◆ DATA SHOWN:
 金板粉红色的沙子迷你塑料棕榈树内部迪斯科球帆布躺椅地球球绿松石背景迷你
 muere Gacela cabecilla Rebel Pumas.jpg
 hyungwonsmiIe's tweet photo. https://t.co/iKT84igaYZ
...
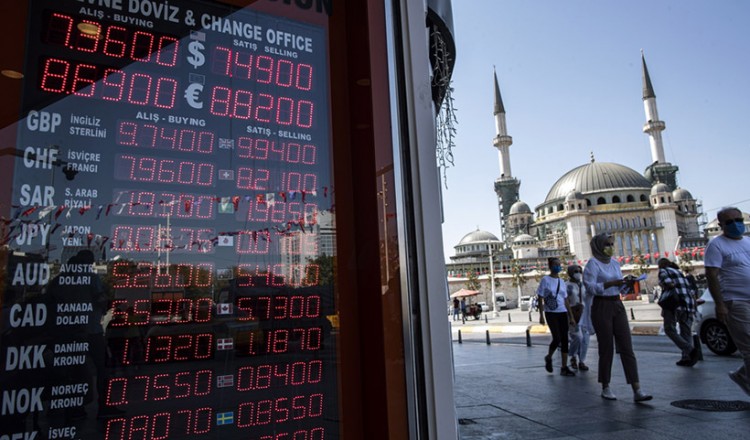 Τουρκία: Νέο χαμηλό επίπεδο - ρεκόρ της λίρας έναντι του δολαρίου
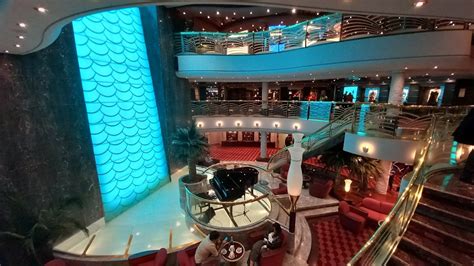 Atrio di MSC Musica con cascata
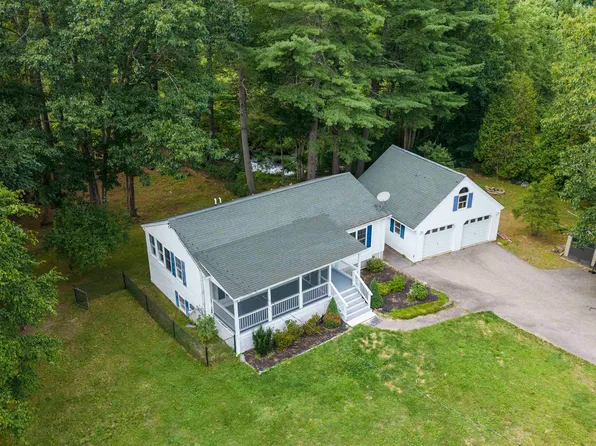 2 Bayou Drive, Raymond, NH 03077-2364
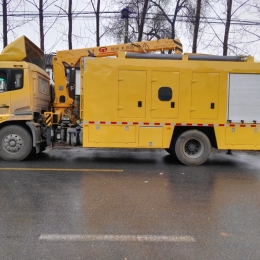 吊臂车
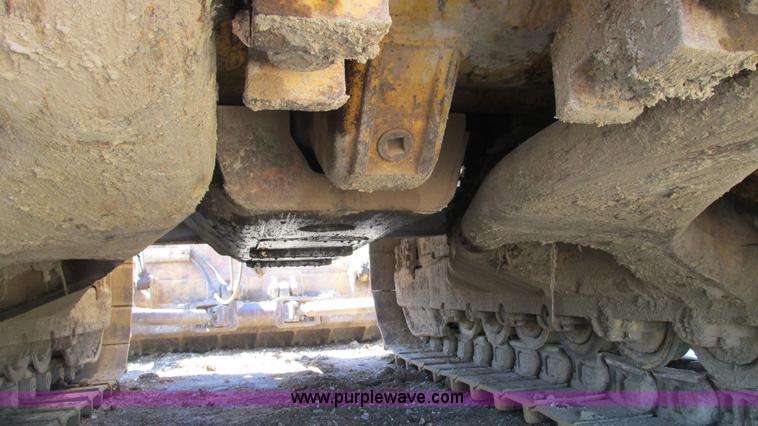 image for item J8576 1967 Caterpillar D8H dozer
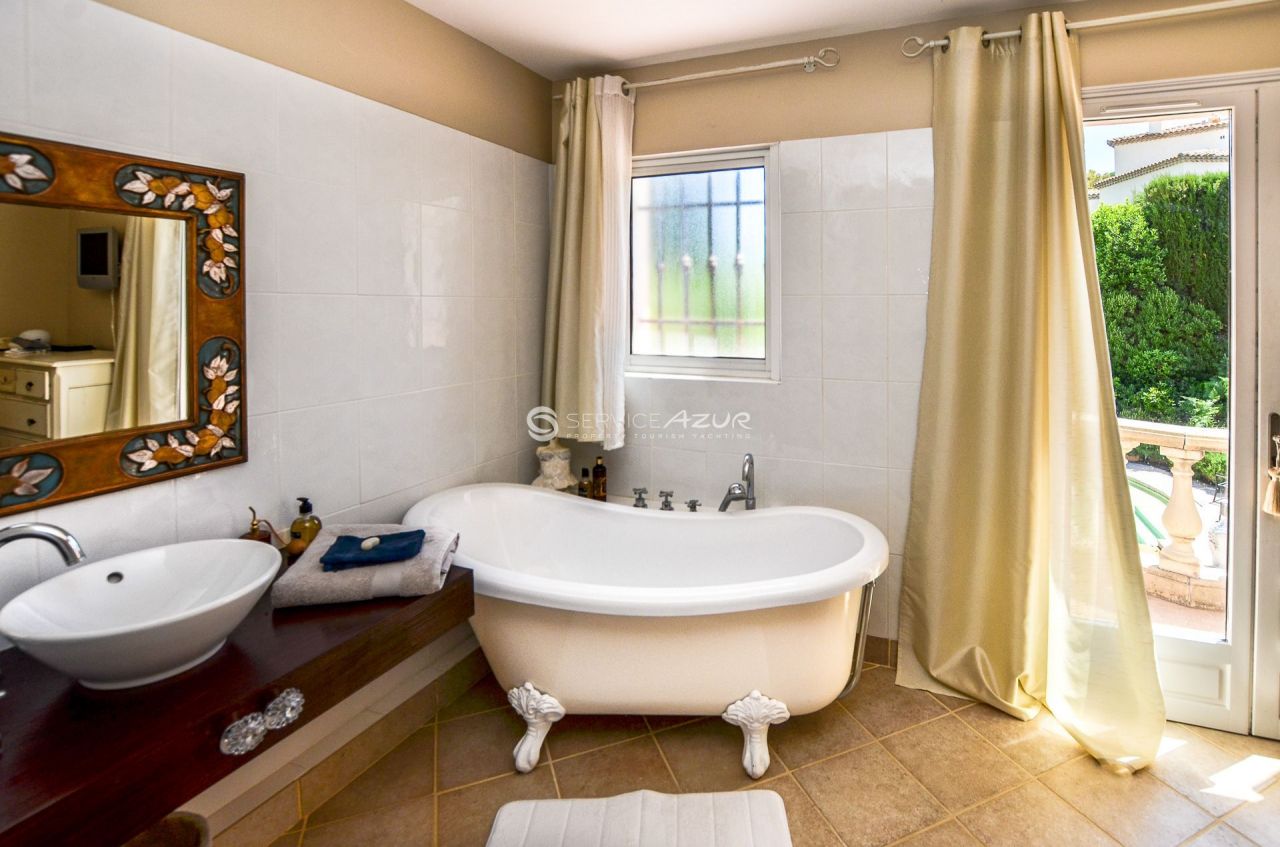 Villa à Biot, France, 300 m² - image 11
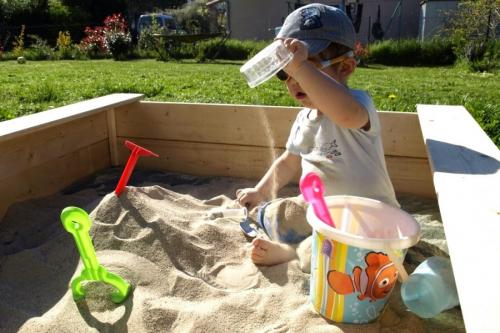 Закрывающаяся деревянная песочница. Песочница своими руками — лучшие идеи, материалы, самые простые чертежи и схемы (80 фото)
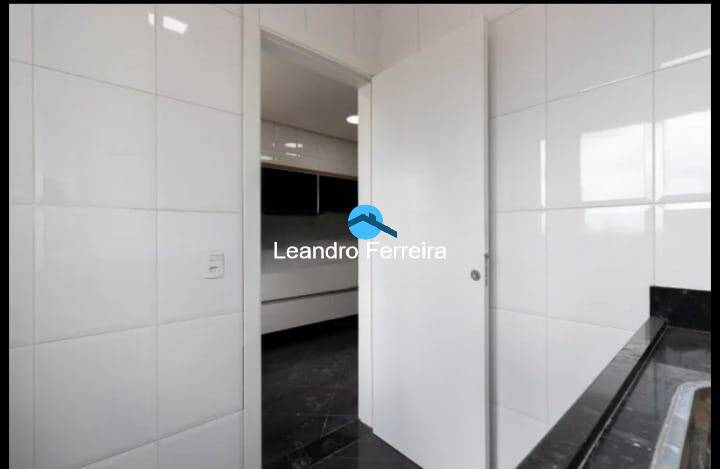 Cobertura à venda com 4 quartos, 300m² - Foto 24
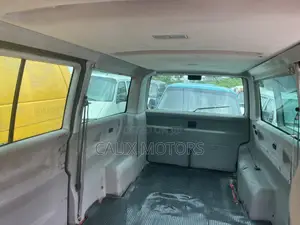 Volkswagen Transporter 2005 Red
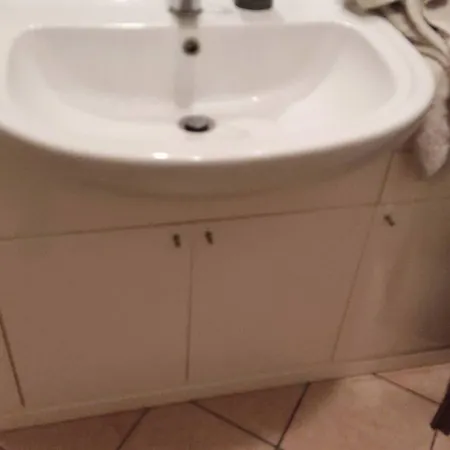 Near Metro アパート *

◆ YOUR ASSIGNMENT: Out of the entries above, write out only the lines between the line holding "金板粉红色的沙子迷你塑料棕榈树内部迪斯科球帆布躺椅地球球绿松石背景迷你" and the line holding "hyungwonsmiIe's tweet photo.", inclusive, each exactly as given.

◆ YOUR SOLUTION:
 金板粉红色的沙子迷你塑料棕榈树内部迪斯科球帆布躺椅地球球绿松石背景迷你
 muere Gacela cabecilla Rebel Pumas.jpg
 hyungwonsmiIe's tweet photo. https://t.co/iKT84igaYZ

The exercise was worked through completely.